Whooping cough initially looks a lot like a cold, but it's actually caused by bacteria. People experience the typical sore throat, cough, and mild fever, but around the time most cold symptoms would start to go away, whooping cough gets progressively worse. Violent coughing fits can last for months and be severe enough to cause vomiting and exhaustion. Recovery is slow.
Anyone can get whooping cough, but vaccinated adults tend to have milder symptoms while unvaccinated children and babies are at the highest risk of serious illness.
Strep throat is caused by the streptococcus bacteria and is associated with extremely painful sore throats. Other symptoms of strep include a high fever, white patches on the throat, and swollen lymph glands.
Usually, there's no coughing or sneezing. Antibiotics can be used to treat strep throat and keep it from spreading to other people.
If a sore throat lasts for weeks, it could be mono. Symptoms of mono include sore throat, extreme fatigue, swollen glands, fever, chills, and headache, and lingering symptoms can last for months.
There is no vaccine against the virus that causes mononucleosis and no cure. Most people recover by resting at home, taking over-the-counter pain medication, and eating a healthy diet with plenty of fluids.
Pneumonia is an infection of air sacs in the lungs. It can be caused by a virus, bacteria, or a combination of germs.
Severe coughing, throat and chest pain, fatigue, fever, shaking, and shortness of breath are common symptoms.

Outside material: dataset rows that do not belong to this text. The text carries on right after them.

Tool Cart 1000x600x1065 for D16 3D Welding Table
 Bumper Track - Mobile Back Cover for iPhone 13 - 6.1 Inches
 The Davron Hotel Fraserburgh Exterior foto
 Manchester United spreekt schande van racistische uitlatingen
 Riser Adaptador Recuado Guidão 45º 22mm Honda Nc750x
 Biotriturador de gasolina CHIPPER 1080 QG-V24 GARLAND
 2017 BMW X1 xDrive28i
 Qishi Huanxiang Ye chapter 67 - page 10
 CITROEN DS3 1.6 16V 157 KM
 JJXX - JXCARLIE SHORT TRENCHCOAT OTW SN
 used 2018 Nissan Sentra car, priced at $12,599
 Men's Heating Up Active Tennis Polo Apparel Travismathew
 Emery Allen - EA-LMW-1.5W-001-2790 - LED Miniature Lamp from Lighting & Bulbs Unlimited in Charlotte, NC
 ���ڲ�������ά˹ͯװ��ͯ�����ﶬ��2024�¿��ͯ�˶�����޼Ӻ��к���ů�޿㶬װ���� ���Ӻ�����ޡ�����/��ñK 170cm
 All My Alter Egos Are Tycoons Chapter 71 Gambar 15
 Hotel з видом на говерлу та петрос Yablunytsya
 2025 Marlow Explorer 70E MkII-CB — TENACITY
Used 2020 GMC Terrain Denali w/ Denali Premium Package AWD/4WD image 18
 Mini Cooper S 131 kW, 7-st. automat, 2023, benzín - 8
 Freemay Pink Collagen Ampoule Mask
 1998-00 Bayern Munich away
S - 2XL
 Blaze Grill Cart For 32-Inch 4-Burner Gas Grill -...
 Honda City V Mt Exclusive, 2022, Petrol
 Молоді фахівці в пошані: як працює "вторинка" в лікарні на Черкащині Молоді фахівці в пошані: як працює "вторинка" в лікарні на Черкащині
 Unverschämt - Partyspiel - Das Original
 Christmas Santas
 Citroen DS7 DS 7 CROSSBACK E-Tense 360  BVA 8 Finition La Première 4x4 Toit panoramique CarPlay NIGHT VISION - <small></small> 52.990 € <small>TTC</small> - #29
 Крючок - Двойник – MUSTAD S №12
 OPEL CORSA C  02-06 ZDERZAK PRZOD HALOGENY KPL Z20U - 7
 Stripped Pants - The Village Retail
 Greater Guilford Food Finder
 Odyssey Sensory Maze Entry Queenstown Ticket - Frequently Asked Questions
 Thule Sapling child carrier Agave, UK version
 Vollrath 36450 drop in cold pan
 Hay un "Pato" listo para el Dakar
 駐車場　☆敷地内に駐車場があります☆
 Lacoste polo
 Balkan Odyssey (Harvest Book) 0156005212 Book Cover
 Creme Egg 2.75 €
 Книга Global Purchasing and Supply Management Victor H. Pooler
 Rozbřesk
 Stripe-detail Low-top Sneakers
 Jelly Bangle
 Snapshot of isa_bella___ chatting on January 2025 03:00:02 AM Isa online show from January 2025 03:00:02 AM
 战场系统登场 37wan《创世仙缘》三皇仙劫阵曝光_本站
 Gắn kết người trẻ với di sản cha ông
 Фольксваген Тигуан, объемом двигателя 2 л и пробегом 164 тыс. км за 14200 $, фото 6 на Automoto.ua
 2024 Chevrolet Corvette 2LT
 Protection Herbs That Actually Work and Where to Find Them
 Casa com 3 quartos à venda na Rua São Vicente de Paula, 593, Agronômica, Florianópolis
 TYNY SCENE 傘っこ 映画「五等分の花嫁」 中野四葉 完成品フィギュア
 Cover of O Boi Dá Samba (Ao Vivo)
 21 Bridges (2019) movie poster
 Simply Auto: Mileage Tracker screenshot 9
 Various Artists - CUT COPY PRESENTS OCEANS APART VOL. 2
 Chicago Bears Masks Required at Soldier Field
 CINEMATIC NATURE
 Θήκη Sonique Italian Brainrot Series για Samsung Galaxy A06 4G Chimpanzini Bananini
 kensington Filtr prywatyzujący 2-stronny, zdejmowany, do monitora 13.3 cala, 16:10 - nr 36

Infections can range from mild to life-threatening, and children and adults over the age of 65 are especially vulnerable.
The epiglottis is a little flap of tissue that covers the windpipe when we swallow. Epiglottitis is a highly dangerous infection of this tissue, which causes severe sore throat, drooling, irritability, high fever, difficulty swallowing, and labored breathing.
Infections to the epiglottis are considered a medical emergency, because even mild swelling can completely block the windpipe. Anyone who suspects they have epiglottitis should go to the hospital so that medical professionals can ensure their airway is kept clear and the underlying infection is treated. Most people recover with proper treatment.
Tumors can develop on the voice box or thyroid gland, in their lymph nodes, or in the tissues of the throat.
Sore throats are far more likely to be caused by a viral infection or allergies than by cancer, but if the pain persists and is accompanied by unexplained weight loss, ear pain, an unusual lump in the neck, shortness of breath, or a feeling of something stuck in their throat, see a doctor. Catching a tumor early is the first step to successful treatment.